Aqueous geochemistry and stable isotope ratios as predictive risk management tools for assessing vertical hydraulic connectivity in the Athabasca Oil Sands Region

Summary Recent unexpected discharges of steam, brine, or bitumen to the surface of oil sands resource developments suggest a gap in understanding of the subsurface fluid flow system in the Athabasca Oil Sands Region (AOSR) and a need to identify where such discharges might occur. These surface discharge events have common spatial and geochemical characteristics that we will attempt to frame in a context of identifying and managing the risks associated with vertical movement of fluids during oil sands resource development by mining or steam-assisted gravity drainage (SAGD).

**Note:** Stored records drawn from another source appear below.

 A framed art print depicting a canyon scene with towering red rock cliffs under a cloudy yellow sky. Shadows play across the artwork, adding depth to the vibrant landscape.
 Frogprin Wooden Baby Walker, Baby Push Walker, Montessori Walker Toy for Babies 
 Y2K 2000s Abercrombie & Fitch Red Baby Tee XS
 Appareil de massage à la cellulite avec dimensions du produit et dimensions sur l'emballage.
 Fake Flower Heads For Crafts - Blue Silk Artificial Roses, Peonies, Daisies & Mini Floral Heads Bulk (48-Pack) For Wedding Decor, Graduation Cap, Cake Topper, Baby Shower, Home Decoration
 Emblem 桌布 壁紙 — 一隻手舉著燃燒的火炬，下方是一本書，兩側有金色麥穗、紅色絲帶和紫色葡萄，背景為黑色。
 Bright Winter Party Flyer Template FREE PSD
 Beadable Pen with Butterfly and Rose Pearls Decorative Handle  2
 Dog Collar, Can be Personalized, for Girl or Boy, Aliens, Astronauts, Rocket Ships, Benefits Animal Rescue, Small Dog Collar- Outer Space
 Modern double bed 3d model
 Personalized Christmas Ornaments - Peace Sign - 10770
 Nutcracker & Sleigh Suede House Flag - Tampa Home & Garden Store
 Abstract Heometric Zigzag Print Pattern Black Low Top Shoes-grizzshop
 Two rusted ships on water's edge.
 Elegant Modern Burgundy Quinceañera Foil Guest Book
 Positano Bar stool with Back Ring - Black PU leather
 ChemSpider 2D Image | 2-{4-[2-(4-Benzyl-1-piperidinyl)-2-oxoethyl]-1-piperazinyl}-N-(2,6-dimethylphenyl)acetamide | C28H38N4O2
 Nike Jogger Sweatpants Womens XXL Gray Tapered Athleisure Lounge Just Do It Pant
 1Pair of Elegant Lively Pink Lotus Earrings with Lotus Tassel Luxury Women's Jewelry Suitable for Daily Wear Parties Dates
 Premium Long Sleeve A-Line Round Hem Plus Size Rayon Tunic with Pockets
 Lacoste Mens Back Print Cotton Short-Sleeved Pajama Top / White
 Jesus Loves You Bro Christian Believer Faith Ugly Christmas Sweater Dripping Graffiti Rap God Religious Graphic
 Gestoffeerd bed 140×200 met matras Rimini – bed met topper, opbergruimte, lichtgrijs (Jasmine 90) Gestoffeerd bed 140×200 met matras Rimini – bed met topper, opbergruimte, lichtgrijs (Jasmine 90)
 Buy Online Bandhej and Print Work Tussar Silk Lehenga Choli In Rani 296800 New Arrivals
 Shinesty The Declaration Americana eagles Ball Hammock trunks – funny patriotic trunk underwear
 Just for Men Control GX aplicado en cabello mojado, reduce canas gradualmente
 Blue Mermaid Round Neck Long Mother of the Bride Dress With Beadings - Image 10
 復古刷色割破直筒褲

Aqueous geochemistry and stable isotope ratios of McMurray Formation waters and dissolved sulfate can provide a leading indicator of upward groundwater flow from Devonian strata below the sub-Cretaceous unconformity. The highly localized nature of high-salinty fluids suggests that upward flow is occurring via karst conduits. Areas of upward groundwater flow across the sub-Cretaceous unconformity are spatially correlated with the partial dissolution edge of the Prairie Evaporite Formation and instances of unanticipated fluid discharge to ground surface. A risk assessment framework that incorporates the aqueous and stable isotope geochemistry of formation waters in the AOSR may help delineate vertical connectivity during the reservoir characterization process and decrease the probability of surface dischage incidents during oil sands development proximal to the Prairie evaporite partial dissolution edge.